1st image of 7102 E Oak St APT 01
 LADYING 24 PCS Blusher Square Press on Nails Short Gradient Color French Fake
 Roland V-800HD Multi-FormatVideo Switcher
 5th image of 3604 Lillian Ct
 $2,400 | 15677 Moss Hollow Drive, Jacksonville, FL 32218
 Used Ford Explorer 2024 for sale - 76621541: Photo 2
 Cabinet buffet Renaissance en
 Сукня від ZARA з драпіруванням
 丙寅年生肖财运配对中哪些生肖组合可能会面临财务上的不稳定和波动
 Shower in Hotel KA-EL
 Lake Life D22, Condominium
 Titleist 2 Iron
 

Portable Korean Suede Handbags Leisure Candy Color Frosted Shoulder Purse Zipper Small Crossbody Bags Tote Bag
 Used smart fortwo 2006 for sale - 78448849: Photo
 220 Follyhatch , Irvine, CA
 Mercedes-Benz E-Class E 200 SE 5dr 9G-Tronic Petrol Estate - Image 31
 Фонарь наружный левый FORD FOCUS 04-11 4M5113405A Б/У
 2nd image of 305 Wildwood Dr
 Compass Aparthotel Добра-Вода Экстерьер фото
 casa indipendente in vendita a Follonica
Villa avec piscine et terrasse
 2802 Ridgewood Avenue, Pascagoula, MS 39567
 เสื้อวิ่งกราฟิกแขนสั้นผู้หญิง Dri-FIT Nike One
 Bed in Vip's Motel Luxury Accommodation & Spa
◇ ◇ ◇
Each record above should be transcribed exactly.

1st image of 7102 E Oak St APT 01
 LADYING 24 PCS Blusher Square Press on Nails Short Gradient Color French Fake
 Roland V-800HD Multi-FormatVideo Switcher
 5th image of 3604 Lillian Ct
 $2,400 | 15677 Moss Hollow Drive, Jacksonville, FL 32218
 Used Ford Explorer 2024 for sale - 76621541: Photo 2
 Cabinet buffet Renaissance en
 Сукня від ZARA з драпіруванням
 丙寅年生肖财运配对中哪些生肖组合可能会面临财务上的不稳定和波动
 Shower in Hotel KA-EL
 Lake Life D22, Condominium
 Titleist 2 Iron
 

Portable Korean Suede Handbags Leisure Candy Color Frosted Shoulder Purse Zipper Small Crossbody Bags Tote Bag
 Used smart fortwo 2006 for sale - 78448849: Photo
 220 Follyhatch , Irvine, CA
 Mercedes-Benz E-Class E 200 SE 5dr 9G-Tronic Petrol Estate - Image 31
 Фонарь наружный левый FORD FOCUS 04-11 4M5113405A Б/У
 2nd image of 305 Wildwood Dr
 Compass Aparthotel Добра-Вода Экстерьер фото
 casa indipendente in vendita a Follonica
Villa avec piscine et terrasse
 2802 Ridgewood Avenue, Pascagoula, MS 39567
 เสื้อวิ่งกราฟิกแขนสั้นผู้หญิง Dri-FIT Nike One
 Bed in Vip's Motel Luxury Accommodation & Spa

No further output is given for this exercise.